Model predictions are supported by imaging and western blot experiments. Experiments with the RhoA FRET probe corroborated the predictions of RhoA-GTP dynamics at the leading edge (Figure 3H) and cell body and rear (Figure 3I and J and Figure 3—figure supplement 1, panel C). Cell staining with specific Rac1-GTP antibody provided snapshots of Rac1 activity corresponding to protrusion-retraction cycles (Figure 3K) and the spreading of Rac1 activity beyond the leading edge into the cell body (Figure 3L and M and Figure 3—figure supplement 1, panel C, super-resolution microscopy images) as predicted by the model. During a cycle of periodic wave propagation, the model has predicted a greater number of RhoA activity bursts at the cell leading edge than at the cell rear, which is fully supported by our data (Figure 3J). Our previous western blot experiments showed the hysteresis of RhoA and Rac1 activities following PAK inhibition and then washing-out the inhibitor (Byrne et al., 2016). A reaction-diffusion model of the RhoGTPase dynamics developed here demonstrates the hysteresis of the averaged RhoGTPase activities for the non-stationary spatiotemporal dynamics, – a novel phenomenon previously observed in biology for switches between steady states of bistable systems (Bagowski and Ferrell, 2001; Bhalla et al., 2002; Craciun et al., 2006; Delbrück, 1949; Ferrell, 2002; Monod and Jacob, 1961; Xiong and Ferrell, 2003).

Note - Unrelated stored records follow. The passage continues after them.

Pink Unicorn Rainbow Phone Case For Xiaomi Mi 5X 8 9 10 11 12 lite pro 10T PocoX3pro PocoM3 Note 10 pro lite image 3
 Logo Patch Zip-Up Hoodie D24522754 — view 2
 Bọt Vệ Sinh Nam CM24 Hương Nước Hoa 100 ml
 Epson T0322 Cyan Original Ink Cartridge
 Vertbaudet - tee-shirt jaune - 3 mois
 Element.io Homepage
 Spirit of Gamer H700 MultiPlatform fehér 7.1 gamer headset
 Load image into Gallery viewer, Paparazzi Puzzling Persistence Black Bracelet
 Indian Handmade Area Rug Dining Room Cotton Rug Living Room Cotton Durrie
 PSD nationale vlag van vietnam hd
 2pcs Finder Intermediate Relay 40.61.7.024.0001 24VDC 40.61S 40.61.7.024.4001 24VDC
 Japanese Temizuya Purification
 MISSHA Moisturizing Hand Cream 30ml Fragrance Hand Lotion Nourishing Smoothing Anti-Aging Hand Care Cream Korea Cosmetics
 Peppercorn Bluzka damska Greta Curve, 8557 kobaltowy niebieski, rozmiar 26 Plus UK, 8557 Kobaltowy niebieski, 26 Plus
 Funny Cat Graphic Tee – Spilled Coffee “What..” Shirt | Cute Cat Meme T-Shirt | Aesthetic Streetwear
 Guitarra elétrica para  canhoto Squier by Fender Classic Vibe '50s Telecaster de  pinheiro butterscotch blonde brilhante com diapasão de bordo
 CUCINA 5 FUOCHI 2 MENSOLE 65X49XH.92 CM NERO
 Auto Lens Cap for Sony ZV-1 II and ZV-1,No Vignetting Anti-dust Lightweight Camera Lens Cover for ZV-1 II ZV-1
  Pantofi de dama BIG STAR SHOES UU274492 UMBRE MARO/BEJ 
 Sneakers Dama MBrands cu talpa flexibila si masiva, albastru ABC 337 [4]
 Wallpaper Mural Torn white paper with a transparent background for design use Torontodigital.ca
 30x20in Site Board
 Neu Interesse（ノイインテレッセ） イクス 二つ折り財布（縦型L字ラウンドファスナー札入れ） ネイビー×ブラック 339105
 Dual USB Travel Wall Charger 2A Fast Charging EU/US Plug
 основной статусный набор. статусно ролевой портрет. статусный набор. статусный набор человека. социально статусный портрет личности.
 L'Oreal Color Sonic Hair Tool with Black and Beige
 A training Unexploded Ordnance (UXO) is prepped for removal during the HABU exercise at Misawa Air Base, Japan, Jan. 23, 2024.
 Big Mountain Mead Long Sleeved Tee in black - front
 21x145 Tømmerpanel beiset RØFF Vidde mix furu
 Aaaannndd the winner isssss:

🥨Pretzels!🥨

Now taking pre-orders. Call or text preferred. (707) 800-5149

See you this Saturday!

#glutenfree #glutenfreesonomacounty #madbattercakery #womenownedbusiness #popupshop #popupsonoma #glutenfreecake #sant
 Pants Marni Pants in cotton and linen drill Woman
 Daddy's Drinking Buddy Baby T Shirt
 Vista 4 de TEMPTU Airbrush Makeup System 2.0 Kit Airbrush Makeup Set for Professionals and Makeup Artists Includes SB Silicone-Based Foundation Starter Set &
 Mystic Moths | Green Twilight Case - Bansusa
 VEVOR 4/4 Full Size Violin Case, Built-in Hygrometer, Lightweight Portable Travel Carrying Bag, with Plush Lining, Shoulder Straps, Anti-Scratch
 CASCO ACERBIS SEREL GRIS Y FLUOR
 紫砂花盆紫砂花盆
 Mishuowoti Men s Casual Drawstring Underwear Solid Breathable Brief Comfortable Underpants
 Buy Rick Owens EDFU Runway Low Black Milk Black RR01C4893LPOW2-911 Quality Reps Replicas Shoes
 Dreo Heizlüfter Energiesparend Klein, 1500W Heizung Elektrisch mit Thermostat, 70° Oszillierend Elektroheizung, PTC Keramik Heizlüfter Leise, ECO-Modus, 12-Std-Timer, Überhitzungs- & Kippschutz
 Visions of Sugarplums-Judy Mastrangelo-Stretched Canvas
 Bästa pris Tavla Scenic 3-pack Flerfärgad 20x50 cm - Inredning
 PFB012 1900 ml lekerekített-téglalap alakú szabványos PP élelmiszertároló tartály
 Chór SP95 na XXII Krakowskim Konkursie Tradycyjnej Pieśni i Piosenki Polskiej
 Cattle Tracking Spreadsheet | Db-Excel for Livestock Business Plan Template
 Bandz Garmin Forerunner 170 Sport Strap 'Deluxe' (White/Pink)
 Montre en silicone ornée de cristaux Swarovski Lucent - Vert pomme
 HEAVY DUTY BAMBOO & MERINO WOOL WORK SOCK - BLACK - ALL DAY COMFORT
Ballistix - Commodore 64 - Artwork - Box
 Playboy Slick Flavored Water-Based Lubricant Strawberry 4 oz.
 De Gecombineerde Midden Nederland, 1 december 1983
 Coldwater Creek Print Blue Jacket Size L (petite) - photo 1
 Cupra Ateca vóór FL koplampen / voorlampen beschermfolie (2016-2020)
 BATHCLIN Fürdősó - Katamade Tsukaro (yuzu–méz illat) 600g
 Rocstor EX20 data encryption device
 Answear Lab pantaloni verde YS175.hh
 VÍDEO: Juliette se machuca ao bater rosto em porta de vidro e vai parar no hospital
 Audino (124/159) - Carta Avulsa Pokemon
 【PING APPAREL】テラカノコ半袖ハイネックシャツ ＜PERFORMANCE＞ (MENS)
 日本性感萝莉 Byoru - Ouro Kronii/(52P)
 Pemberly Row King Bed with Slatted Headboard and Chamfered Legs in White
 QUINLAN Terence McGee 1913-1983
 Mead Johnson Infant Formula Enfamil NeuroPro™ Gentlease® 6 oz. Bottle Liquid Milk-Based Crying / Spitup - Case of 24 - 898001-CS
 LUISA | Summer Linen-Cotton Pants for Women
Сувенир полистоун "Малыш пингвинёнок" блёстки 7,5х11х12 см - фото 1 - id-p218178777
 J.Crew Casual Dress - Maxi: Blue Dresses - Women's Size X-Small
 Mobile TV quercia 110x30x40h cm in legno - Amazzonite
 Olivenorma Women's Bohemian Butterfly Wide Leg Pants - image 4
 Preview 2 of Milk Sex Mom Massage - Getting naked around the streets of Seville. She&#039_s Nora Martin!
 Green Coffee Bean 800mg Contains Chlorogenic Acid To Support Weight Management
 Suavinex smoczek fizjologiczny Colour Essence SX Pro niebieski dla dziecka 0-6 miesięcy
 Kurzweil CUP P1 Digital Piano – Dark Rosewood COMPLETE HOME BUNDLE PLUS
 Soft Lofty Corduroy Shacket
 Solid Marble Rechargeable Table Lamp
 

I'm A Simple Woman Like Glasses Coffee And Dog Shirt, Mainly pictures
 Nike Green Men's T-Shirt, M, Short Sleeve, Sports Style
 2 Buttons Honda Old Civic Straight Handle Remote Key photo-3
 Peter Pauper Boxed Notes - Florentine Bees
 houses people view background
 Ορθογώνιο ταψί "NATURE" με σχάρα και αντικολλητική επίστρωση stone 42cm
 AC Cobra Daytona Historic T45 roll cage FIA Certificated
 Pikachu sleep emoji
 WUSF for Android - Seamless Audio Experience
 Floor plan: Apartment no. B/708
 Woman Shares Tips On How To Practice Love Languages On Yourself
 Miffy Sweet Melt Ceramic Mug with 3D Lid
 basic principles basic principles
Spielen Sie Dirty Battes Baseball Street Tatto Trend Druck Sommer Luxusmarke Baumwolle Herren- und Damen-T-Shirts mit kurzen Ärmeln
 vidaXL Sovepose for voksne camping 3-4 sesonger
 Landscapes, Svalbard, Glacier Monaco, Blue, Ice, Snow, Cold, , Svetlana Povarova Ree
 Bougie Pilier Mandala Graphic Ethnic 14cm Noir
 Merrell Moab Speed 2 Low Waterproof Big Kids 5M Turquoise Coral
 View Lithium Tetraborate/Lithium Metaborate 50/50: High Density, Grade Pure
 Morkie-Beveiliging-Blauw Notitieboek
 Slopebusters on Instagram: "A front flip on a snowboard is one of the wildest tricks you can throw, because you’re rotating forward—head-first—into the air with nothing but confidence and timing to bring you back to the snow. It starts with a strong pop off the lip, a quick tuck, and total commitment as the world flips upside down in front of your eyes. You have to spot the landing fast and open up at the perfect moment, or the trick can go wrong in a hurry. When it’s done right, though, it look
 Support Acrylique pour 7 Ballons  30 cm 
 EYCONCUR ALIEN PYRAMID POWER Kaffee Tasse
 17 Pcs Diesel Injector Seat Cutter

Although PAK inhibition (Figure 4) induces a transition from the mesenchymal to amoeboid mode of migration and the corresponding changes in the cell shapes (Byrne et al., 2016), ROCK inhibition leads to the formation of multiple centers of Rac1 oscillations (Figure 5) and multiple competing lamellipodia (Worthylake and Burridge, 2003). At the same time, DIA downregulation by siRNA resulted in substantial rewiring of the RhoA-Rac1 signaling network, manifested by an increase in RhoA abundance and a decrease in Rac1 abundance (Figure 1—figure supplement 1, panels A and B). Model simulations show that these changes can decrease a threshold DIA abundance required to maintain the initial GTPase dynamics in time and space (Figure 5—figure supplement 1, panel E). Thus, cells tend to adapt to DIA1 perturbation by adjusting other protein abundances to keep a minimally perturbed Rho-Rac signaling pattern.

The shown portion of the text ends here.